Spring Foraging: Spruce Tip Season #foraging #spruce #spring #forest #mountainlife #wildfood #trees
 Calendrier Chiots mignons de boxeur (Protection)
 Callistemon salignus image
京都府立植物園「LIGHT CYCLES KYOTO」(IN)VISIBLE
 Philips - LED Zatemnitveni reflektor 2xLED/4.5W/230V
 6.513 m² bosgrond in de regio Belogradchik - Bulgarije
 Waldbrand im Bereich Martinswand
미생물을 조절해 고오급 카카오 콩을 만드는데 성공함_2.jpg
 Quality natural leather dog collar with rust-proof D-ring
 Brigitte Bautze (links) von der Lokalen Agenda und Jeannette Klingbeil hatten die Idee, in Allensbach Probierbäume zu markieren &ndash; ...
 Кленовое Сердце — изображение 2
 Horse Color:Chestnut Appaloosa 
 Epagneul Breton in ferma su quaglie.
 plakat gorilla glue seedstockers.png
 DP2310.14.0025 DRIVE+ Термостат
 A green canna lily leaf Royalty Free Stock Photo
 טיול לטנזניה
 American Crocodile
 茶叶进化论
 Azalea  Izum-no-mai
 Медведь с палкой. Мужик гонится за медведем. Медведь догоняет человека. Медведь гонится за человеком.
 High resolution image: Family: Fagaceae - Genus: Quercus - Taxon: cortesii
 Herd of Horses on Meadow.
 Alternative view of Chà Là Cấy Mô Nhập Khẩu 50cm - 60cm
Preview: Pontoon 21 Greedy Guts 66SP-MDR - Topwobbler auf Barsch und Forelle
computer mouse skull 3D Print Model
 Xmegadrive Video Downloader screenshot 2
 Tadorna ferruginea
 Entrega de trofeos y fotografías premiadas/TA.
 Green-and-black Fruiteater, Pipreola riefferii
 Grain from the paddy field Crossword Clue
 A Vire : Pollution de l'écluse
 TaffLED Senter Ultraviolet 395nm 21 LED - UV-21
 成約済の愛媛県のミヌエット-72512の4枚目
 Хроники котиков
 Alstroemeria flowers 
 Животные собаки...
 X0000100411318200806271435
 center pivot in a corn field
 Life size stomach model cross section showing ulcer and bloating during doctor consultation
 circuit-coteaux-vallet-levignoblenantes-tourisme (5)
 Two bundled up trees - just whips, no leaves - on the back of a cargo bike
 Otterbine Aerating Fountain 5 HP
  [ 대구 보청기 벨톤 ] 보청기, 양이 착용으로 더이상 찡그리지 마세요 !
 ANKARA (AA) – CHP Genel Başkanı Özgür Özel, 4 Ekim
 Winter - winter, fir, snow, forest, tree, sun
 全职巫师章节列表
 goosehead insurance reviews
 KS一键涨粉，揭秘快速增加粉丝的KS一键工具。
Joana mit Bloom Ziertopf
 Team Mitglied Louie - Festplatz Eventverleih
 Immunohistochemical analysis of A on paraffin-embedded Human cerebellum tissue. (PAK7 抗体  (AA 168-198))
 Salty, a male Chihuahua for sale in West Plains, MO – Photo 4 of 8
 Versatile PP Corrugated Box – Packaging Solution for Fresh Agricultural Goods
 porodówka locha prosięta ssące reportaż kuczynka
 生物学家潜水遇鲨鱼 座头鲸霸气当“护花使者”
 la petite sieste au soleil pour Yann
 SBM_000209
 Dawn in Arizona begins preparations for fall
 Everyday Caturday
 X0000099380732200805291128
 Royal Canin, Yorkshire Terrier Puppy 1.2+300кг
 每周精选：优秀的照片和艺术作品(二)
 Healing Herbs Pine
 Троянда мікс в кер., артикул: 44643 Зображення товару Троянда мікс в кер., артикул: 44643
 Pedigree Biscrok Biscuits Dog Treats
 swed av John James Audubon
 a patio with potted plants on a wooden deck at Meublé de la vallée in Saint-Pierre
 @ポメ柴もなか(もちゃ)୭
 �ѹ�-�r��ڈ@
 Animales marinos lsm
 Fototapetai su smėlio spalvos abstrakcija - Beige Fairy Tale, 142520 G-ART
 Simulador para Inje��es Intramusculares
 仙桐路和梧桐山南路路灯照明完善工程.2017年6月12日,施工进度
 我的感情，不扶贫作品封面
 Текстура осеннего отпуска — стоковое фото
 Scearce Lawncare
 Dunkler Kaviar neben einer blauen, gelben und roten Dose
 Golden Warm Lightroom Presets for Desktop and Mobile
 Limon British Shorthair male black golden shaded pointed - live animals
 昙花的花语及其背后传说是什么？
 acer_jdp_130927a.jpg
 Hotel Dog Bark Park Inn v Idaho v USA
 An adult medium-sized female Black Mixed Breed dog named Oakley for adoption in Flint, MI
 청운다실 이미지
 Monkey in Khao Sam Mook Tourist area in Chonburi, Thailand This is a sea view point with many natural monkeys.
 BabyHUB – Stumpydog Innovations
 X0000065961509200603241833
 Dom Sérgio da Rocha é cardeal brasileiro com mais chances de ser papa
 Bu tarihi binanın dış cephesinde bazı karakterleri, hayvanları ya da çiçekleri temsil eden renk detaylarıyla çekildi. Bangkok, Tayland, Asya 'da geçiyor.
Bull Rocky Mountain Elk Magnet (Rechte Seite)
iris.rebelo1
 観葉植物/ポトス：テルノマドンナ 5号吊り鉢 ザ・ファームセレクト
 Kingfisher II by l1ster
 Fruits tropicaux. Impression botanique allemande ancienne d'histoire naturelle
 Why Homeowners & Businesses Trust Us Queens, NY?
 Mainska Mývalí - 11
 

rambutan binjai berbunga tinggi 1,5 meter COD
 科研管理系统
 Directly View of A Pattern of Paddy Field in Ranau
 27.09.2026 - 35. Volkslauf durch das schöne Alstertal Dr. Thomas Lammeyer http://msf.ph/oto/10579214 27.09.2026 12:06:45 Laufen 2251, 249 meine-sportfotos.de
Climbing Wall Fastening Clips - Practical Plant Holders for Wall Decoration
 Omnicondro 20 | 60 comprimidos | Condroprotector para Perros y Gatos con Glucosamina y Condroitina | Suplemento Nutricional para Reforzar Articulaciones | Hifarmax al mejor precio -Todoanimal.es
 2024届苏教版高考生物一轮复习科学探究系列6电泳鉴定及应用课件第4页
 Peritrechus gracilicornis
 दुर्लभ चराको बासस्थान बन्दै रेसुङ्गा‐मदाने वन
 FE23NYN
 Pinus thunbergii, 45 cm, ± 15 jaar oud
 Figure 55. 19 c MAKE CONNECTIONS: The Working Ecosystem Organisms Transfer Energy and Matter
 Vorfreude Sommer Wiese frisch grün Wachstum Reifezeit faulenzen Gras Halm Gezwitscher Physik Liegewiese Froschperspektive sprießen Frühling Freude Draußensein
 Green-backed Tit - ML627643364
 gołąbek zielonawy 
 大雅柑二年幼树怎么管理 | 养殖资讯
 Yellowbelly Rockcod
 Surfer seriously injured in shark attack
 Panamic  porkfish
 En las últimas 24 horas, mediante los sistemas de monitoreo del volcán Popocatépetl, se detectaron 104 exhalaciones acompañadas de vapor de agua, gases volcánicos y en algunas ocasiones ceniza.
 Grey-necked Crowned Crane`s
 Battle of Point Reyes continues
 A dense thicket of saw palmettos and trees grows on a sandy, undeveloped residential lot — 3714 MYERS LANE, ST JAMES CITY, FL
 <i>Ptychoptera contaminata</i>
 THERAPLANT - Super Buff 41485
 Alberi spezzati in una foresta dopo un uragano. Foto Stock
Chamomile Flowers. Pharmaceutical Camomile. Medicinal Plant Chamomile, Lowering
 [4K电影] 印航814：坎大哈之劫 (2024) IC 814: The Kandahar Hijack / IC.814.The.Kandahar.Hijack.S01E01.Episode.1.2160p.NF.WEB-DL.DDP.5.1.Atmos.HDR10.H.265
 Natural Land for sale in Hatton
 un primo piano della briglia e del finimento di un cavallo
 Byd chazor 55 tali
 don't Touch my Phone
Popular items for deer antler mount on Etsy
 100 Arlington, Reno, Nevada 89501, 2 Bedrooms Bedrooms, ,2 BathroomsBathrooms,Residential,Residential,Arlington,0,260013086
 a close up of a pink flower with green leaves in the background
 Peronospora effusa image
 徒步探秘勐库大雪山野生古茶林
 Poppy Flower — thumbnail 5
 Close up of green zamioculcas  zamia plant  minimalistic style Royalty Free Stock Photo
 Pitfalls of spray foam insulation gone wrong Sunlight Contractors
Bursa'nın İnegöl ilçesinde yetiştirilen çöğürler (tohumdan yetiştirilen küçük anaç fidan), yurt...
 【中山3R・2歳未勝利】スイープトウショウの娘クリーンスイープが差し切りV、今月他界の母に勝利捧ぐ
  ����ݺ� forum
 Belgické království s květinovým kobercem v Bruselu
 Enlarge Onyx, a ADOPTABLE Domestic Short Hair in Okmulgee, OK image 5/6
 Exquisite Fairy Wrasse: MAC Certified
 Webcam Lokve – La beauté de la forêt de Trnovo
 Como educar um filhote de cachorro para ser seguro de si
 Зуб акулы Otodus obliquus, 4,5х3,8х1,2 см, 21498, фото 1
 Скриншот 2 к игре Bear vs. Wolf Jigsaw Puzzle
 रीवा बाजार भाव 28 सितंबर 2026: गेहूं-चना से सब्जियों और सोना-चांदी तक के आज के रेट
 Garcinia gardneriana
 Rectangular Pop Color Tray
##############################
**Description of the task**
In the records above, find the line containing "Кленовое Сердце — изображение 2" and restate word for word every line from the first through that one.

**Answer for this exercise**
Spring Foraging: Spruce Tip Season #foraging #spruce #spring #forest #mountainlife #wildfood #trees
 Calendrier Chiots mignons de boxeur (Protection)
 Callistemon salignus image
京都府立植物園「LIGHT CYCLES KYOTO」(IN)VISIBLE
 Philips - LED Zatemnitveni reflektor 2xLED/4.5W/230V
 6.513 m² bosgrond in de regio Belogradchik - Bulgarije
 Waldbrand im Bereich Martinswand
미생물을 조절해 고오급 카카오 콩을 만드는데 성공함_2.jpg
 Quality natural leather dog collar with rust-proof D-ring
 Brigitte Bautze (links) von der Lokalen Agenda und Jeannette Klingbeil hatten die Idee, in Allensbach Probierbäume zu markieren &ndash; ...
 Кленовое Сердце — изображение 2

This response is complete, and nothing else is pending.